§ **Work to complete**
These records contain pictures, which must be left out; copy exactly the lines from the one with "The second example" up to and including the one with "For phone and".

··· Supplied data

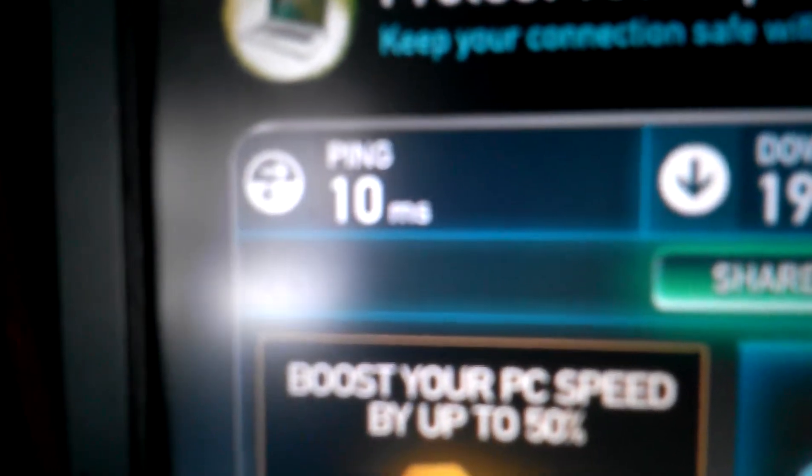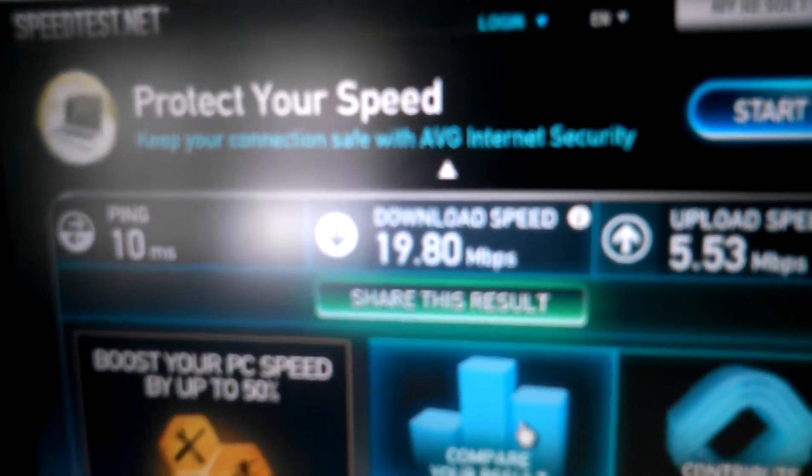That is it. Ping was 10, download speed was 19.80, and the upload speed was 5.3.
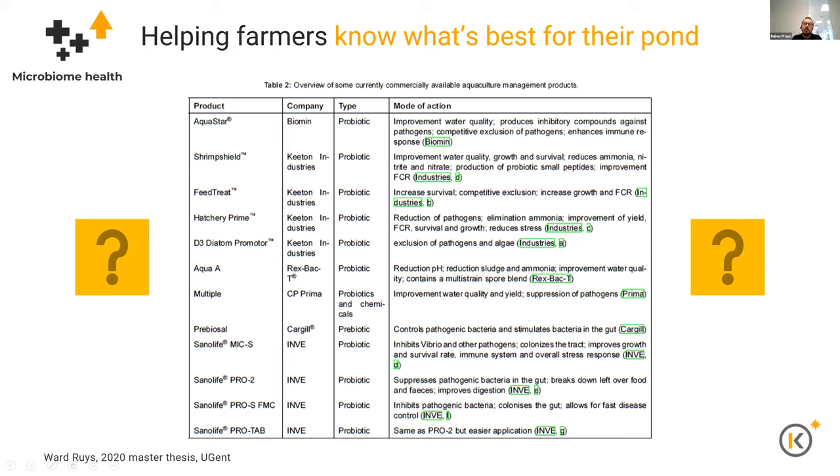The second example is helping farmers know what's best for their ponds — how they can use products in the right way. There are many products available: probiotics, prebiotics, and so on. We need to be able to help farmers know when they should use a product, when the right time is, and how much to use in their specific use case. Today, most recommendations are based on recipes and expert consultants. We believe that using our technology, we can help both consultants and farmers get the most out of their products.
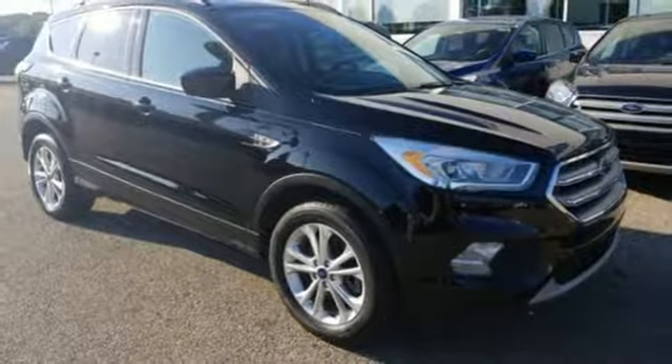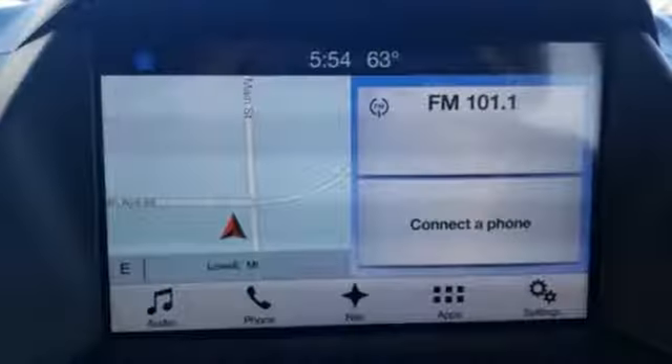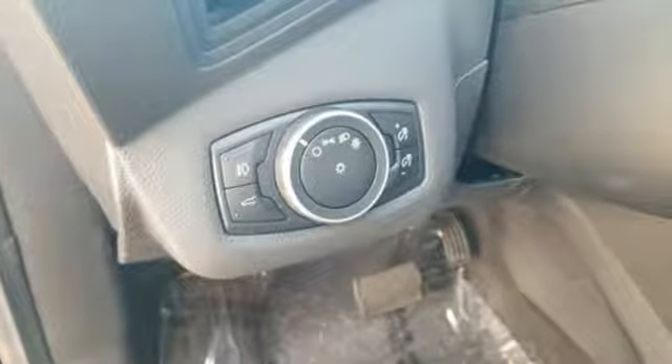Rear parking sensors, AC power outlet, front heated bucket seats, intercooled turbo in-line four-cylinder engine, active grille shutters, gas pressurized shocks, and automatic transmission.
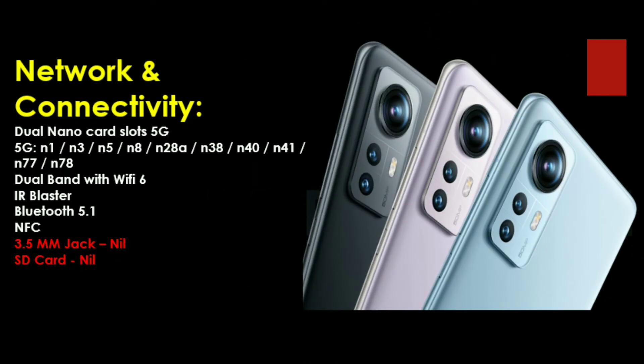For phone and network, you can use 5G support with a dual nano SIM card. It supports 5G bands, and 5G is expected to launch in India. It also supports Wi-Fi 6 with both 2.4GHz and 5GHz bands for fast download and upload speeds. Bluetooth 5.0 is included along with NFC. However, there are two drawbacks: no 3.5mm headphone jack and no SD card support. The connector is USB Type-C.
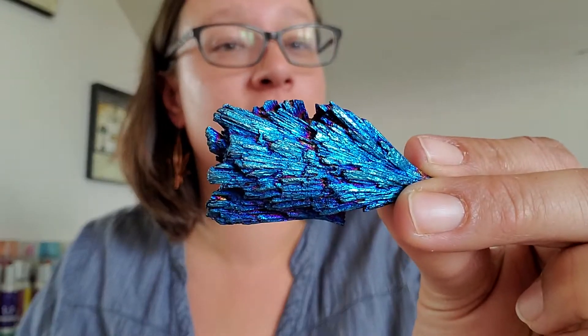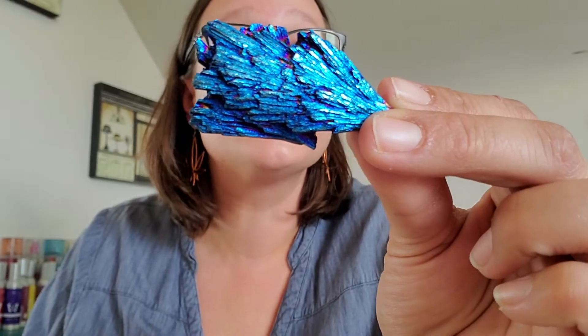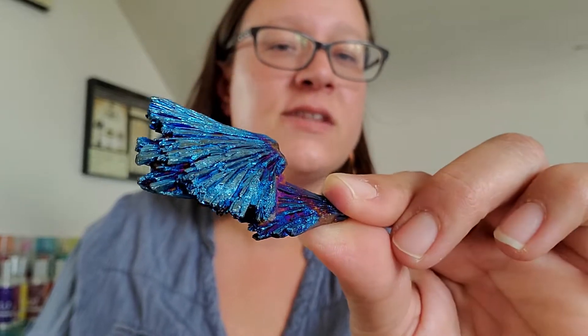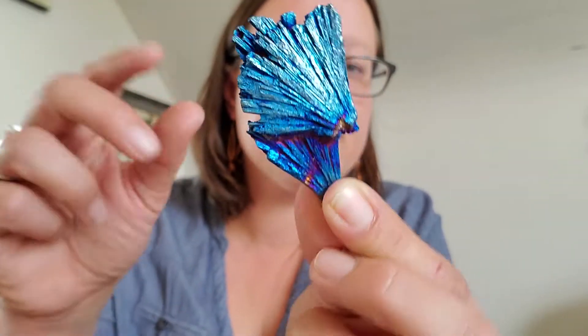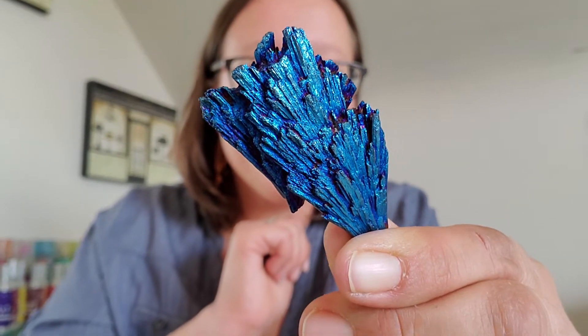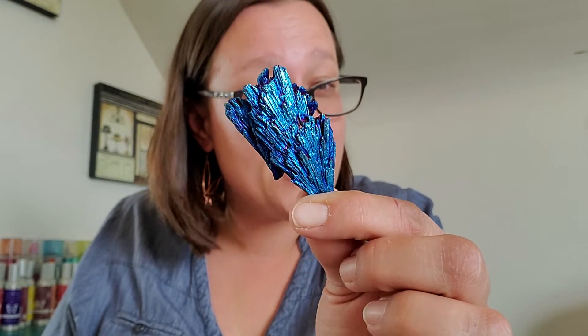The one that really caught my eye on her stone page was this one — it's called an aura coated black kyanite. It's basically the same stone but it looks like this — isn't that gorgeous? She had a couple of different options. They look like little fans that ladies would fan themselves with in church, or like a peacock feather — it's so gorgeous. The regular black kyanite was listed at $8 Canadian, and this one was $11, which I was more than willing to pay.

······

§ **Solved problem**
The second example is helping farmers know what's best for their ponds — how they can use products in the right way. There are many products available: probiotics, prebiotics, and so on. We need to be able to help farmers know when they should use a product, when the right time is, and how much to use in their specific use case. Today, most recommendations are based on recipes and expert consultants. We believe that using our technology, we can help both consultants and farmers get the most out of their products.
Rear parking sensors, AC power outlet, front heated bucket seats, intercooled turbo in-line four-cylinder engine, active grille shutters, gas pressurized shocks, and automatic transmission.
For phone and network, you can use 5G support with a dual nano SIM card. It supports 5G bands, and 5G is expected to launch in India. It also supports Wi-Fi 6 with both 2.4GHz and 5GHz bands for fast download and upload speeds. Bluetooth 5.0 is included along with NFC. However, there are two drawbacks: no 3.5mm headphone jack and no SD card support. The connector is USB Type-C.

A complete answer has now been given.